Dos muitos pecados que terei de prestar contas a S. Pedro, há um que nunca cometi: lançar piropos a raparigas, ou mulheres, que se cruzaram comigo ao longo destas muitas décadas de existência. Ainda era um puto quando percebi o incómodo que sobressaltava as minhas colegas de outros tempos. "Andas na tropa? É que já marchavas"; "Só queria que fosses uma pastilha elástica para te comer o dia todo"; e "Ó linda! Até te fazia um vestidinho de saliva" são alguns dos muitos piropos que tratam as mulheres como objeto sexual, condicionadas por uma cultura machista, patriarcal, que se reconhece com direito a abusar dos direitos de cidadania de outrem. Tem, na sua origem, o não reconhecimento da igualdade de género e é uma arma de exercício de poder patológico.
São expressões que se generalizaram entre os cultores do piropo porque eles próprios acham graça à sua misoginia.
Esta semana aconteceu uma dessas exibições do "poder masculino". Na Costa de Caparica, um indivíduo, que estava acompanhado de outros amigos, atirou um ou dois piropos a uma transeunte. O companheiro, que esperava por ela no interior de um automóvel, percebeu o incómodo da moça e não teve de modas: puxou de uma arma e disparou, matando o jovem que a provocara.

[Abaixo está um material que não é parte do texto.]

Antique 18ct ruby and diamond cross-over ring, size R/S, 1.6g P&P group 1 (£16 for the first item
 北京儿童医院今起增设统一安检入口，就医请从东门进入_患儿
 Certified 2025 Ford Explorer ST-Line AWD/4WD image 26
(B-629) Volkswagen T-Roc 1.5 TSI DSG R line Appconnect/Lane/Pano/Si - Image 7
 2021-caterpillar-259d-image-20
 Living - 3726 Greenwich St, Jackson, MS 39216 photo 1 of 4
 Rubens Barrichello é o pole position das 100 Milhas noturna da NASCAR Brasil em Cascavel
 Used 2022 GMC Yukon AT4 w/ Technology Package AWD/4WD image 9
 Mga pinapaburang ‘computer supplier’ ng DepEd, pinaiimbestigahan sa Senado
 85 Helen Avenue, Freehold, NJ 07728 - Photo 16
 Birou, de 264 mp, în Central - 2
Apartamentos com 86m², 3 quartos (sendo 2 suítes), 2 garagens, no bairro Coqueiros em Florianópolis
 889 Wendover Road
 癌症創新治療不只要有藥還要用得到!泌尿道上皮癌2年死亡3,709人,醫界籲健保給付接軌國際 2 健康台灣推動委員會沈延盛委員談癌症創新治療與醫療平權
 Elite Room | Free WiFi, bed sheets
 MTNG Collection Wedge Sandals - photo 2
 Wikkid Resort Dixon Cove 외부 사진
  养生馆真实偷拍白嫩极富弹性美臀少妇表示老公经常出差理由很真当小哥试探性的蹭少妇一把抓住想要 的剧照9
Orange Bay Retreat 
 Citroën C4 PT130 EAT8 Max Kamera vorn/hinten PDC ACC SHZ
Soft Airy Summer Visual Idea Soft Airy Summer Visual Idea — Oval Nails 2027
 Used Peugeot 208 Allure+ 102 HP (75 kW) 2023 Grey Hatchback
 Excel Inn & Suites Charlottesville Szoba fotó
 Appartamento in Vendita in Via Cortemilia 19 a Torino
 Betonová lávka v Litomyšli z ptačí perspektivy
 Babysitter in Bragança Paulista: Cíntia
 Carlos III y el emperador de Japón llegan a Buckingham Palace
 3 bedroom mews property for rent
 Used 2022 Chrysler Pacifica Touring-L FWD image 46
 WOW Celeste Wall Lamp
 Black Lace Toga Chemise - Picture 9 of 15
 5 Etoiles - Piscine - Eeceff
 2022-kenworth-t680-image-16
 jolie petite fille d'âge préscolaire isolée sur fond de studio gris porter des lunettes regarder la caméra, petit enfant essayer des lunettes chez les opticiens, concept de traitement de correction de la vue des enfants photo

A desproporcionalidade da reação revela o outro lado perverso. Homens que consideram as mulheres como sua propriedade que consideram um insulto como violação da sua integridade enquanto donos das suas companheiras.
Se o piropo, na esmagadora maioria das situações, não tem condições objetivas para ser considerado um crime, responder a tiro a um comentário misógino é uma barbárie criminal que mergulha no mesmo caldo cultural onde a mulher é coisa, objeto, tutela, condicionada pelos humores dos machos. A mesma alarvidade tutela estes comportamentos, típicos de comunidades em que a cidadania e a igualdade são apenas palavras mitológicas sem cómodo numa sociedade que assenta em sólidos valores de fraternidade e de reconhecimento.